Another of the Borgias, Pope Alexander VI, would ask the man he destined to death to open a cabinet for him. He gave the man a key ring, and as the bar twisted in the massive lock, a prick injected the poison into the pressing hand.
More frequent than these pressing devices, however, were rings with a secret compartment or concealed receptacle that could be opened, to pour out the poison, so that it might be mixed unnoticed when one was filling a glass of wine for an unwanted guest.
This type of ring was also most useful for emergency suicides. When the great Carthaginian commander Hannibal was captured by the Romans in 183 B.C., he ended his life by biting into the soft metal cap of his ring which was filled with poison. In 1794 the French philosopher Condorcet, arrested in the Revolution, made his exodus from a world in turmoil through the aid of a poison ring. Numerous accounts of international espionage in recent wars make it seem that, as a release from torture and psychological brainwashing, the suicidal use of the poison ring is not outworn. But many a ring, originally constructed to conceal a poison, before it found rest in a museum was used as a conveyor of perfume.
A more humdrum use of the ring has been not to end but to mark the passing hours.
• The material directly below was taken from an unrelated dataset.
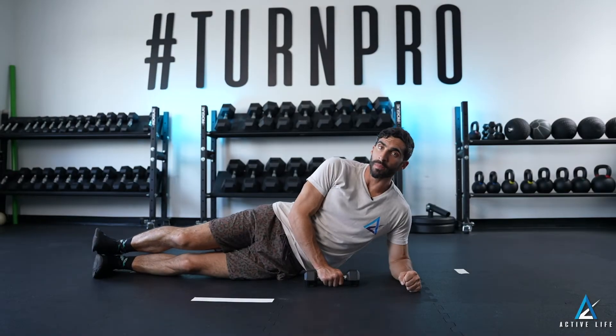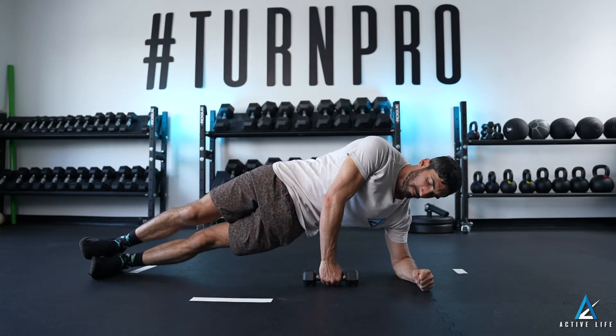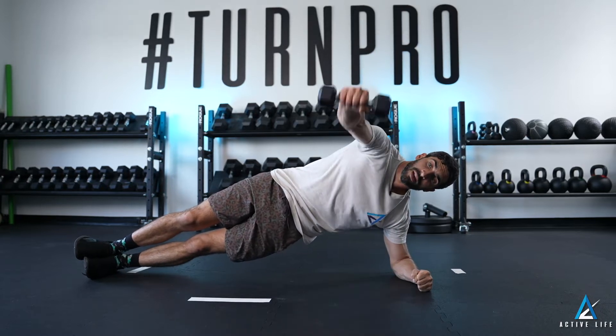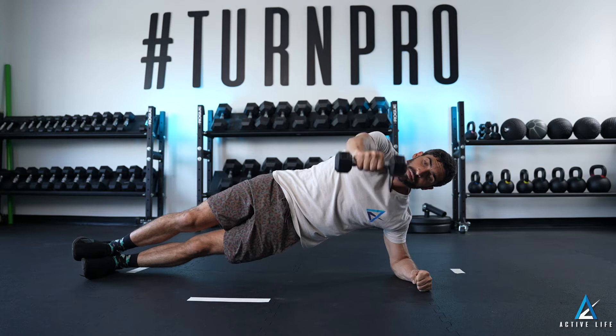This is a side plank with shoulder abduction. You're going to pop up into a side plank. Once you're in that position, you're going to keep your arms straight the whole time as you raise the weight overhead and lower it to in front of you.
The first time-keeping ring was a miniature sundial. As soon as escapements were compact enough, watches were set as the crowns of rings; I have mentioned that two hundred years ago Mme. de Pompadour wore a watch in a gold ring encircled with diamonds.
Honorary Rings
A ring has often been used as a mark, token, or reward of distinction or great service. Originally for valor in battle, these rings are now used to mark distinction in many fields. In Germany for generations, the greatest actor has worn the Ifflandring, which he takes from his hand to bestow upon the performer of the next generation whom he deems his most worthy successor. Another noted ring is the Mozart Ring, awarded to those who meritoriously continue the composer’s tradition. There are today but three wearers of the Mozart Ring: Bruno Walter, Herbert von Karajan, and Carl Boehm.
Posies and Lovers’ Rings
The prettiest rings are those that have been used in courtship. Before the brilliant solitaire, the large diamond that marks the formal engagement, all sorts of posy rings, as they were called, were popular gifts for centuries. An English book of 1624 bears the title “Love’s Garland, or Posies for rings, handkerchiefs, and gloves, and such pretty tokens as lovers send their loves.” This was in the main a collection of little rhyming remarks or pithy sayings, to be engraved on rings, or on the inside of ring bands when the ring itself was decorated with stones in the form of flowers or lovers’ knots. A favorite was the Latin motto Amor vincit omnia, (Love conquers all), which Chaucer in The Canterbury Tales put on a bracelet of the Prioress. But simple English phrases abounded on these rings. “I am yours” is blunt enough to serve. “My love is true To none but you” might make a suspicious maiden (but what shy maid in love would question so?) wonder to how many the donor had already shown love that was false. More to be trusted, perhaps, is the pious soul that sent the motto: “In God and thee My joy shall be.” A wit (or a gambler) might complacently have inscribed “I cannot show The love I O.” A less wary but more learned fellow might proclaim, inside the ring: “Let reason rule affection.” The practice of having rings engraved with such posies was so common that in Shakespeare’s As You Like It the melancholy Jacques taunts Orlando:
“You are full of pretty answers. Have you not been acquainted with goldsmiths’ wives, and conned them out of rings?”
I quote Shakespeare not because he is the most given to such references, but because he is the best known of the many writers in whose works they abound: jewels in jeweled phrases.